Cartography had long lodged itself in the creative imagination before Rocque applied his chain and theodolite to London or Dublin. In 1665 Madeleine de Scudéry designed a “Carte du pays de Tendre” (map of the land of tenderness) for her novel Clélie: a map of an Arcadia whose geography is determined by love. And visual artists have continually been drawn to maps as subject and method: Jasper Johns’s 1961 representation of the states of the United States in Map comes to mind, or The naked city by Guy Debord and Asger Jorn, which consists of nineteen fragments cut out from a travel map of Paris, in order to make “… an urban topography into a social and affective landscape”. Debord coined the term “psychogeography”, which considers how geography, usually urban, can impinge on the affective life. Closer to home, I think of Kathy Prendergast’s “Black Map” series, which uses printed motorist maps almost entirely obscured with ink, or Atlas, an installation consisting of paintings made using over one hundred copies of the AA Road Atlas of Europe. Maybe somewhere, somebody is busy cutting up the Exact Survey and converting it into a tender map, a psychogeography of dark desire.

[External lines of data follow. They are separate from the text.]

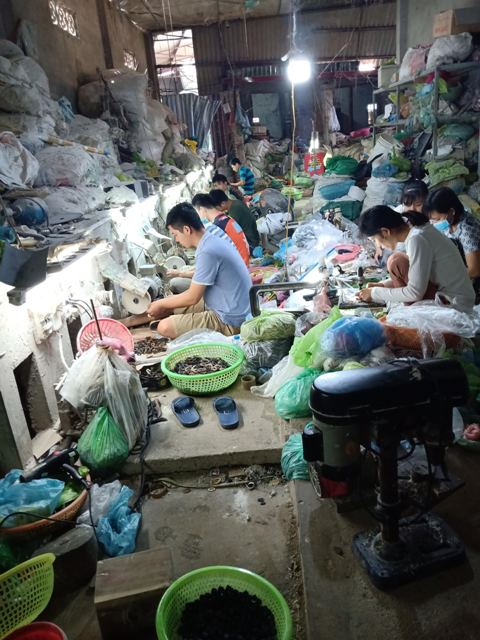 Xưởng sản xuất các sản phẩm từ sừng tại làng nghề Thụy Ứng Ứng 
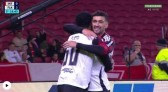 Com dois de Pedro, Flamengo bate o Inter com facilidade e abre na liderança do Brasileiro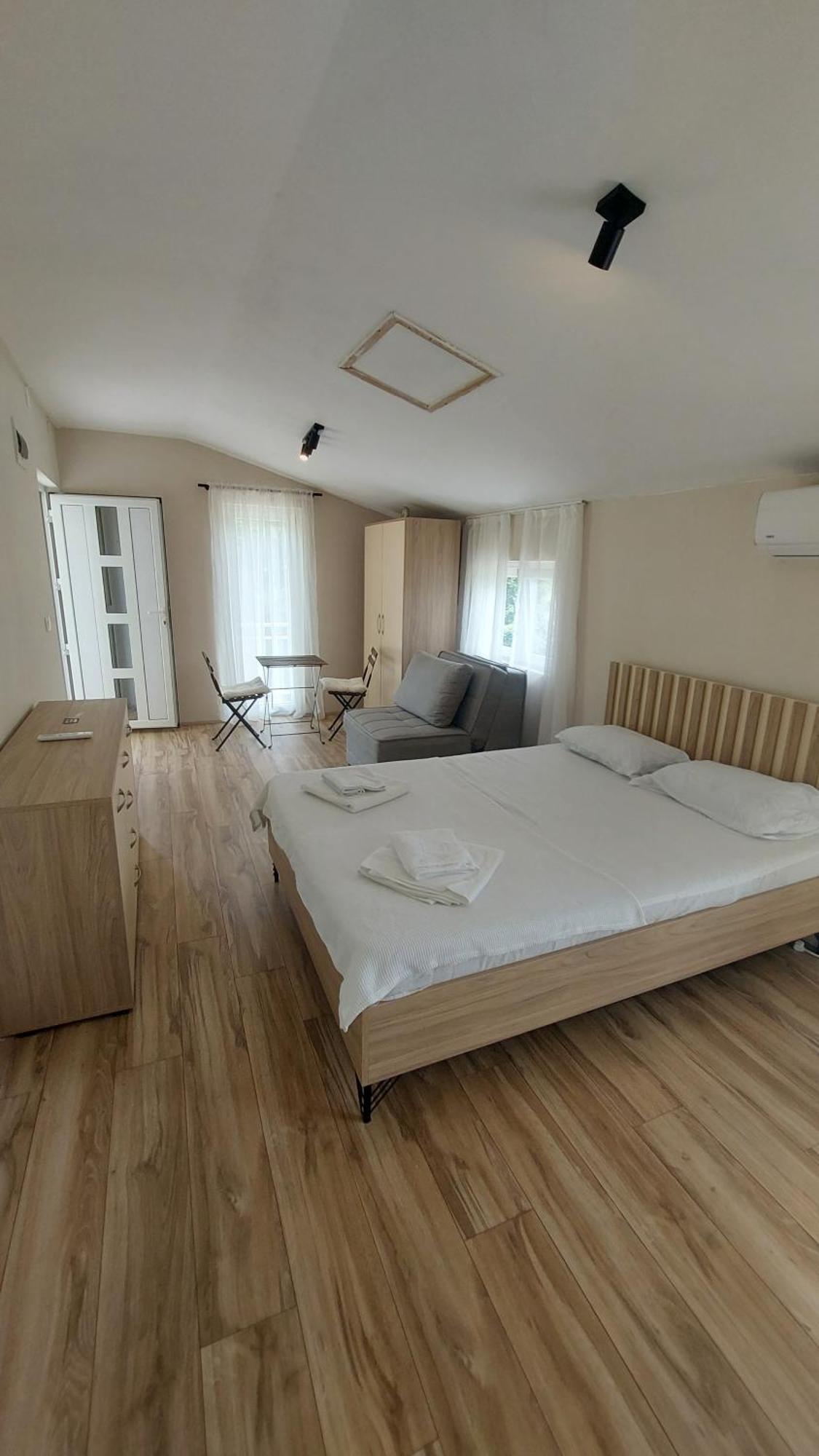 Superb Apartments Virpazar Eksteriør billede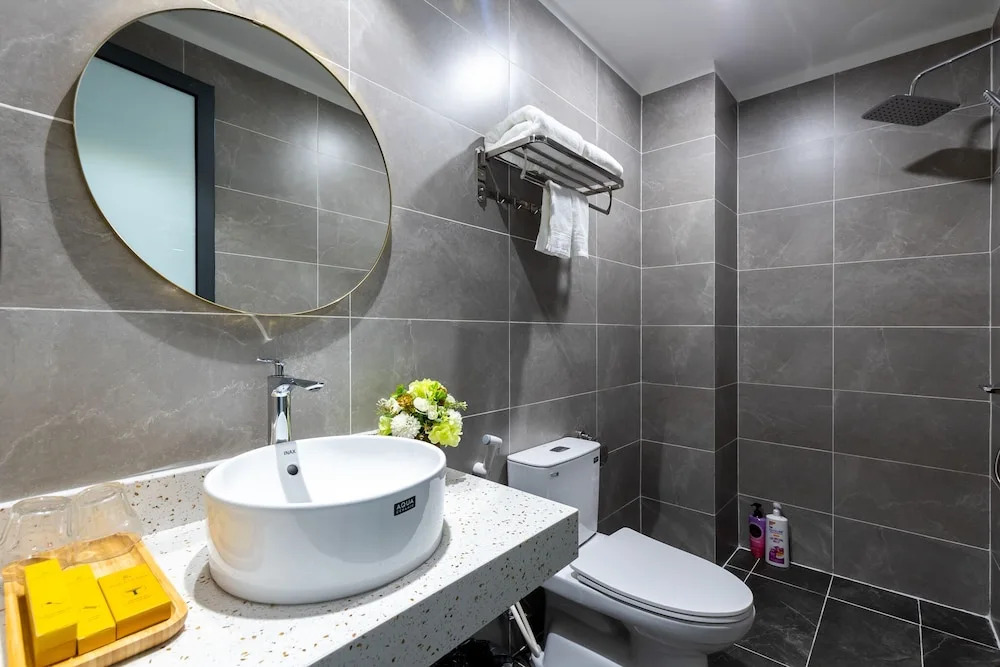Yen Boutique Apartments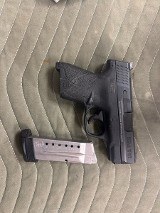 SMITH & WESSON M&P 9 SHIELD 9MM LUGER (9x19 PARA) - 1 of 2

I think, though, I should leave the last word with Rocque:
But what contributes yet more than either Nature or Art, to the Embellishment of Dublin, is the Temper of its Inhabitants, obliging, gentle and courteous. The Irish keep up the most amiable Society; are frank, polite, affable, make it their Pleasure to live much with each other, and their Honour to treat Strangers with Politeness and Civility. They are particularly remarkable for a Lenity and Mildness with which Justice is executed, almost unknown except in this Country and in England. They endeavour rather to discharge a Prisoner and soften his Punishment, than to condemn him. I am extremely surprised that the Author of the System of Geography has given so different a character of this Nation. He is ill-informed, not to say any more; and his Articles of Dublin and the Irish are entirely false, and can make no other Impression upon the Reader, than of his Impertinence and Boldness in venturing to forge a Description without Foundation, and without Probability. For my Part, I have had the Pleasure of being in Dublin above two years and have all that Time to be acquainted with the Genius and Temper of the People, and in the Picture I have drawn of them I have only expressed the Sentiments of my Heart and paid to Virtue the tribute that is her due.